## Exercise goal
Each line of the listing, apart from the pictures, is to be printed exactly.

## Recorded information
/---
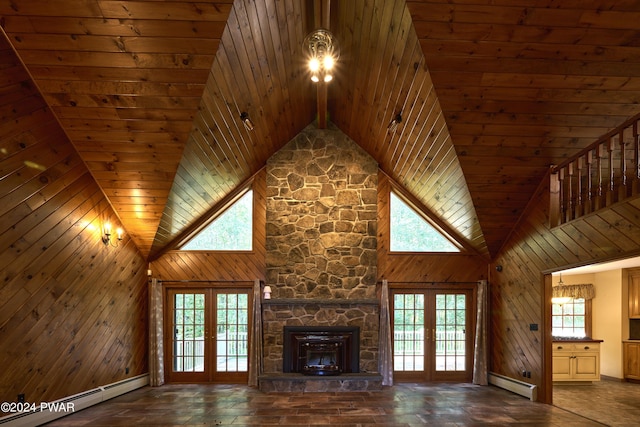 unfurnished living room with french doors, a baseboard radiator, and high vaulted ceiling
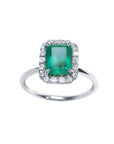 Emerald-cut Muzo emerald ring with halo diamonds in 14K white gold.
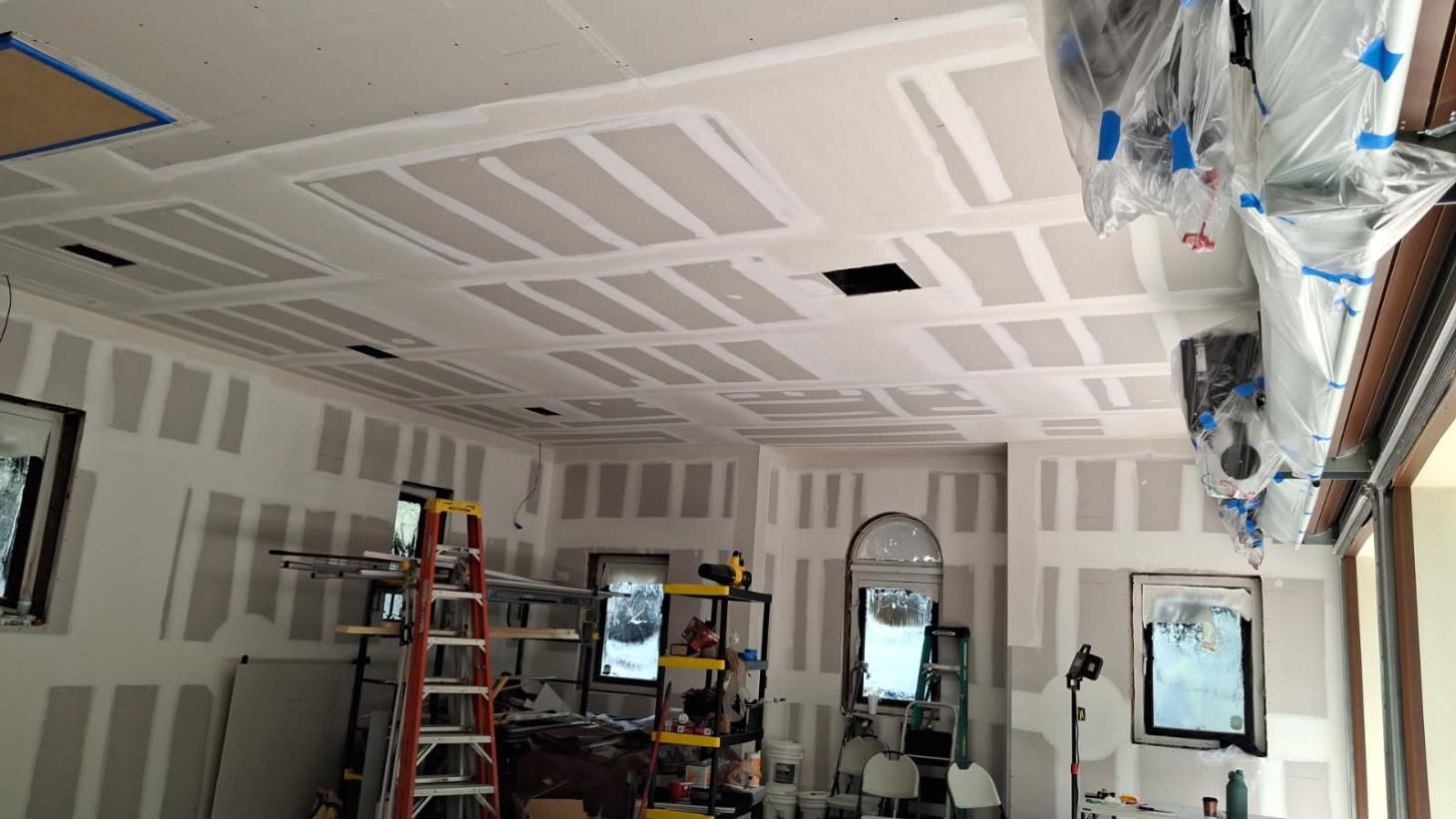 a kitchen under construction with a large island in the middle of the room .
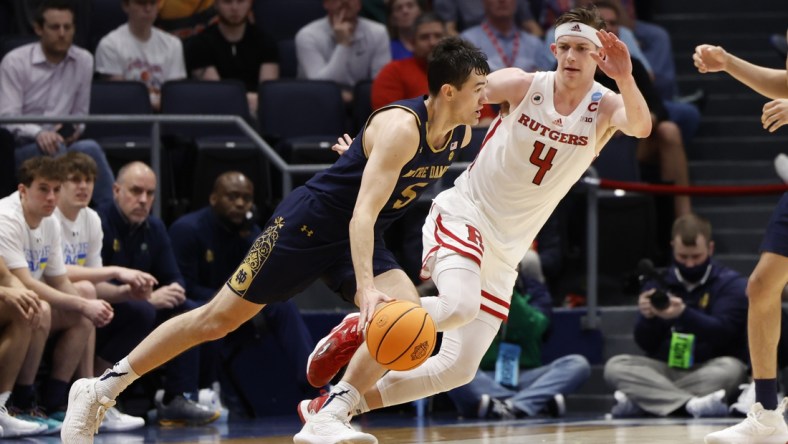 Mar 16, 2022; Dayton, Ohio, USA; Notre Dame Fighting Irish guard Cormac Ryan (5) drives to the basket defended by Rutgers Scarlet Knights guard Paul Mulcahy (4) in the second half at University of Dayton Arena. Mandatory Credit: Rick Osentoski-USA TODAY Sports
\---
## Answer to this exercise
 unfurnished living room with french doors, a baseboard radiator, and high vaulted ceiling
 Emerald-cut Muzo emerald ring with halo diamonds in 14K white gold.
 a kitchen under construction with a large island in the middle of the room .
 Mar 16, 2022; Dayton, Ohio, USA; Notre Dame Fighting Irish guard Cormac Ryan (5) drives to the basket defended by Rutgers Scarlet Knights guard Paul Mulcahy (4) in the second half at University of Dayton Arena. Mandatory Credit: Rick Osentoski-USA TODAY Sports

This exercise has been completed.